21 May 2018
During a routine inspection
People in care homes receive accommodation and nursing or personal care as single package under one contractual agreement. CQC regulates both the premises and the care provided, and both were looked at during this inspection.
Highpoint Lodge is situated close to the centre of Wadebridge. It is a large detached property over two floors. The first floor being accessed by a stair lift. There are eleven rooms one of those being a double room. Of these six had en suite facilities. There is a large entrance hall, lounge and dining room on the ground floor. Bathrooms with adapted baths for people with poor mobility are in place on both floors. An additional toilet is situated on the ground floor. There is a sun lounge off the dining room. To the rear of the house is a garden area with parking to the side.
There were enough bathrooms including assisted baths on all floors. There were a range of aids and adaptations available to support people with limited mobility when required.
The atmosphere in the service on the day of the inspection was relaxing, friendly and calm. Staff responded promptly when people asked for help and support was provided at a relaxed pace. Throughout our inspection we observed staff providing support with respect and kindness. People told us they felt safe and comfortable living at Highpoint Lodge. Comments included, “I love it here. It’s very calm and relaxing”; “Staff are there at the push of a button. So kind and caring" and "Moving here has improved my quality of life. Yes it makes me feel a lot safer than when I was at home alone."
People’s risks were being managed effectively to ensure they were safe. Records showed where changes in people’s level of risk were. Care plans had been updated so staff knew how to manage those risks.
People received their medicines as prescribed. Systems and processes relating to the administration and storage of medicines helped ensure medicines were managed safely.
Care plans contained information about the person and what their individual needs were and how they would be met. Care planning was reviewed regularly and people’s changing needs were recorded. Daily notes were completed by staff responsible for peoples care.

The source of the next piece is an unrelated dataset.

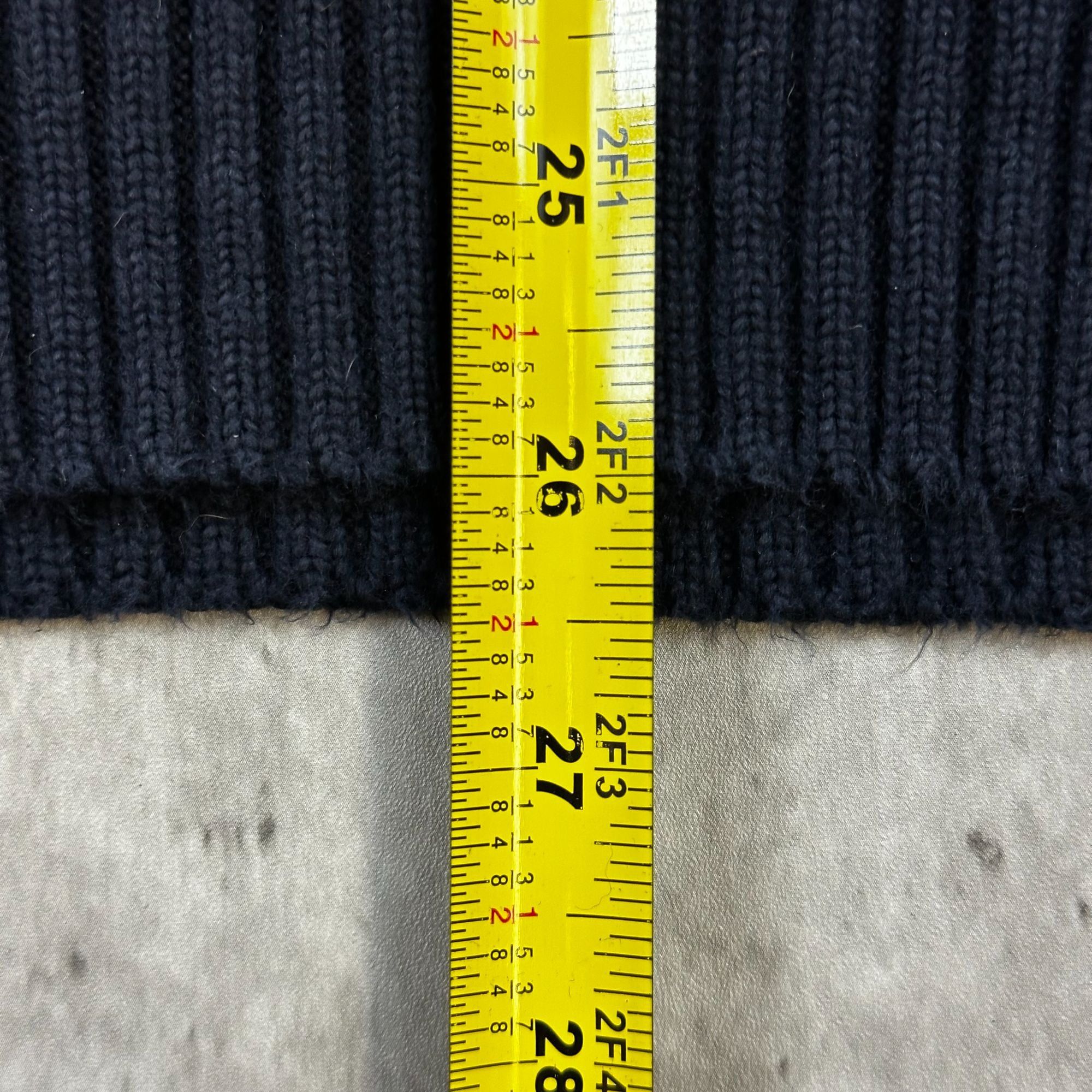 Polo Ralph Lauren Vintage Navy and Red Striped Polo Ralph Lauren Quarter-Zip S Size US XL / EU 56 / 4 - 5 Thumbnail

People were treated with kindness, compassion and respect by staff who were sufficiently skilled to meet people’s needs. Necessary pre-employment checks had been completed. However some staff had worked at the service for a number of years and had not had a more up to date DBS check. We discussed this with the registered manager who agreed to act on this by gaining annual declarations from those staff members in order to demonstrate they remained safe to work with people who may be vulnerable. There were systems in place to provide new staff with appropriate induction training. Existing staff received regular training, supervision and annual performance appraisals.
Safeguarding procedures were in place and staff had a good understanding of how to identify and act on any allegations of abuse.
The manager used effective systems to record and report on, accidents and incidents and take action when required.
People received care and support that was responsive to their needs because staff had the information to support them. Staff supported people to access healthcare services. These included, Social Workers, Psychiatrists, General Practitioners (GP) and speech and language therapists (SALT).
People’s bedrooms were personalised to reflect their individual tastes and the service was well maintained.
The premises were regularly checked and maintained by the provider. Equipment and services used at Highpoint Lodge were regularly checked by competent people to ensure they were safe to use. It was clean and hygienic and a safe place for people to live.
Staff wore protective clothing such as gloves and aprons when needed and there were appropriate procedure in place to manage infection control risks
People's rights were protected because staff acted in accordance with the Mental Capacity Act 2005. The principles of the Deprivation of Liberty Safeguards were understood and applied correctly.
Meals were appetising and people were offered a choice in line with their dietary requirements and preferences. Where necessary staff monitored what people ate to help ensure they stayed healthy.
There was a complaints procedure which was made available to people on their admission to the home and their relatives. People we spoke with told us they were happy and had no complaints.
The registered manager used a variety of methods to assess and monitor the quality of the service. These included regular audits, an annual survey, staff meetings and daily meetings with people living at the service.